### SUPPLIED RECORDS ###
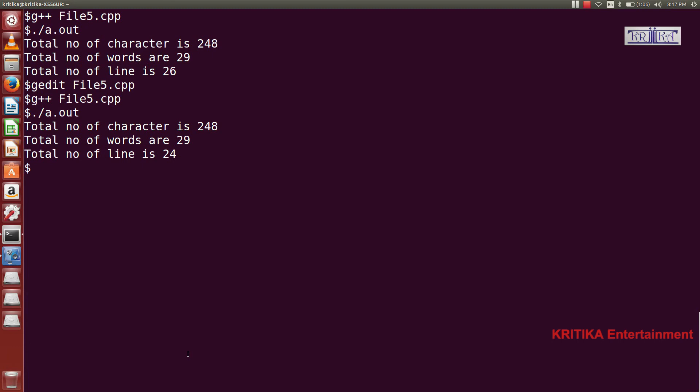This is the file handling program in C++. I hope you understand. If you are new then subscribe to my channel; if you have already subscribed then comment in the comment box how my program is. Please like and share my programs if you understood it. Okay, bye, thank you.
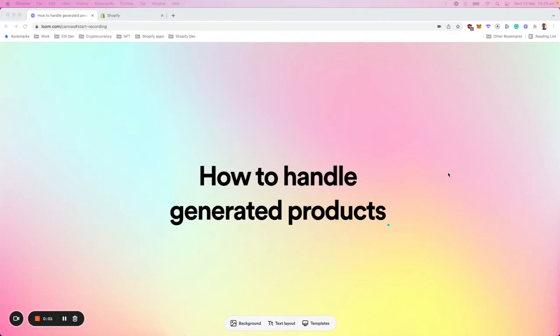Hello, everyone. Today we're going to learn about how we can handle all the generated custom neon products that this app will produce over time.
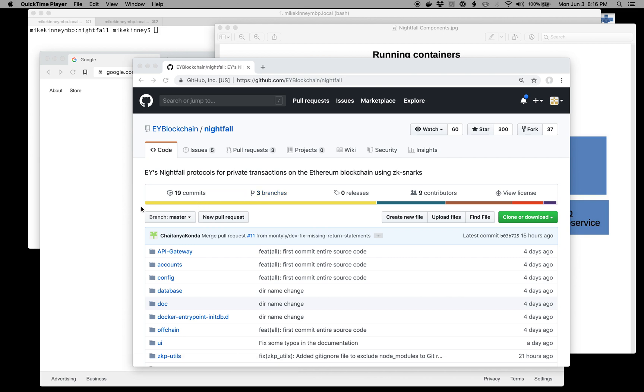I'm going to give you a demonstration of the Nightfall user interface, how to start it and how to interact with it. I don't claim to be an expert, but this is what I've learned so far.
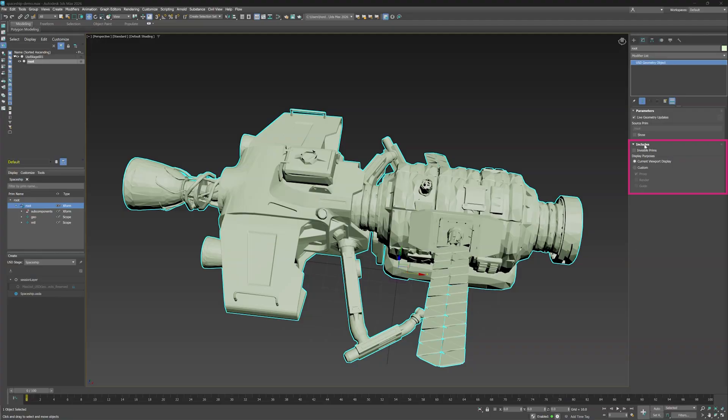Includes shows what's included in your Promotion to Max. For example, with invisible prims, if you hide some objects in the USD hierarchy, like multiple spaceships, a base, and even the planet they're on, and turn on invisible prims, you can see these objects show up in the viewport.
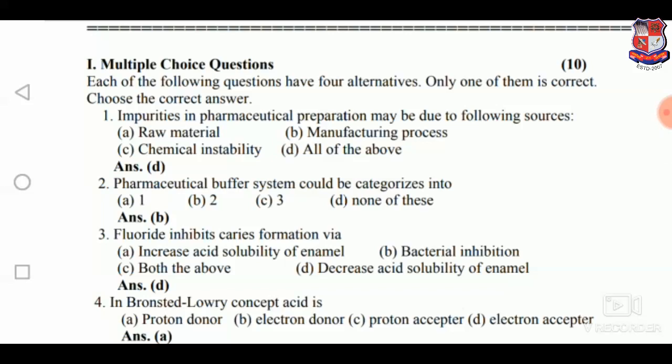Our students, today we will discuss some important MCQ and other types of questions in pharmaceutical and organic chemistry.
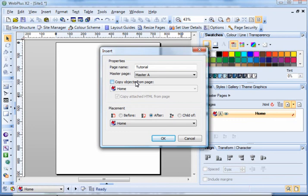But it would allow you to select images, text, formatting that you've used on a previous page and insert it into this new page.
###
## WHAT THE EXERCISE ASKS
The result should be an exact retyped version of all the entries above, containing no pictures.

## ANSWER TO THE EXERCISE
This is the file handling program in C++. I hope you understand. If you are new then subscribe to my channel; if you have already subscribed then comment in the comment box how my program is. Please like and share my programs if you understood it. Okay, bye, thank you.
Hello, everyone. Today we're going to learn about how we can handle all the generated custom neon products that this app will produce over time.
I'm going to give you a demonstration of the Nightfall user interface, how to start it and how to interact with it. I don't claim to be an expert, but this is what I've learned so far.
Includes shows what's included in your Promotion to Max. For example, with invisible prims, if you hide some objects in the USD hierarchy, like multiple spaceships, a base, and even the planet they're on, and turn on invisible prims, you can see these objects show up in the viewport.
Our students, today we will discuss some important MCQ and other types of questions in pharmaceutical and organic chemistry.
But it would allow you to select images, text, formatting that you've used on a previous page and insert it into this new page.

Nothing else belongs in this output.